## [The task]
Find the line with "对阵巴塞罗 对阵巴塞罗" and the line with "2024 Toyota Corolla" in the entries below; output exactly those two lines, every line between them, and no others.

Web page caption snippets:
......
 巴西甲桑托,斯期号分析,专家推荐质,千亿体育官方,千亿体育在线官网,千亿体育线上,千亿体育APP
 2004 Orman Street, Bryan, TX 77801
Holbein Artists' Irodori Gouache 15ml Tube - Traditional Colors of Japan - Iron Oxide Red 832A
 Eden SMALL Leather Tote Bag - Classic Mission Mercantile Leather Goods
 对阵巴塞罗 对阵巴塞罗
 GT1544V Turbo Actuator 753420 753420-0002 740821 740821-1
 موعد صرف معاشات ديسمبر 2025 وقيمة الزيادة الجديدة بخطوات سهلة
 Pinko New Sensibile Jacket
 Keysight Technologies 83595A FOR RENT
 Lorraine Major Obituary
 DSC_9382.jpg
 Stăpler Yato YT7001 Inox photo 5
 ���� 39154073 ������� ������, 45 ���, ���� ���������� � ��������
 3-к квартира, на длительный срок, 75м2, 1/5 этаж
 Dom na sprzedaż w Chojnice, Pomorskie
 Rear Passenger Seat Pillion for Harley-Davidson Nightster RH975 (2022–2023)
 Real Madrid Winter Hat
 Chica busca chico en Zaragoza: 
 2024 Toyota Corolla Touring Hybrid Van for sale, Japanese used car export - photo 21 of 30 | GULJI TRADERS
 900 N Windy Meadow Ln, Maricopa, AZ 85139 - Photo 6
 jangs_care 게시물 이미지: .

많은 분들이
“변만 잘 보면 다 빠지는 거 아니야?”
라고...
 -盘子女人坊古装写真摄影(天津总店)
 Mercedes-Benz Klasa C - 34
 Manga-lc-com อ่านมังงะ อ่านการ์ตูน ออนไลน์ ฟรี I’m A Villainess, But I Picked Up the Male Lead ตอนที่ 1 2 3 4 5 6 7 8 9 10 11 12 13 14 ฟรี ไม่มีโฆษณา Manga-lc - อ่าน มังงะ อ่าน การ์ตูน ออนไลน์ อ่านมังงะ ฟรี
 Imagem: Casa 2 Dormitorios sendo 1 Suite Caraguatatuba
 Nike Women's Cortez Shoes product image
......
## [Task answer]
 对阵巴塞罗 对阵巴塞罗
 GT1544V Turbo Actuator 753420 753420-0002 740821 740821-1
 موعد صرف معاشات ديسمبر 2025 وقيمة الزيادة الجديدة بخطوات سهلة
 Pinko New Sensibile Jacket
 Keysight Technologies 83595A FOR RENT
 Lorraine Major Obituary
 DSC_9382.jpg
 Stăpler Yato YT7001 Inox photo 5
 ���� 39154073 ������� ������, 45 ���, ���� ���������� � ��������
 3-к квартира, на длительный срок, 75м2, 1/5 этаж
 Dom na sprzedaż w Chojnice, Pomorskie
 Rear Passenger Seat Pillion for Harley-Davidson Nightster RH975 (2022–2023)
 Real Madrid Winter Hat
 Chica busca chico en Zaragoza: 
 2024 Toyota Corolla Touring Hybrid Van for sale, Japanese used car export - photo 21 of 30 | GULJI TRADERS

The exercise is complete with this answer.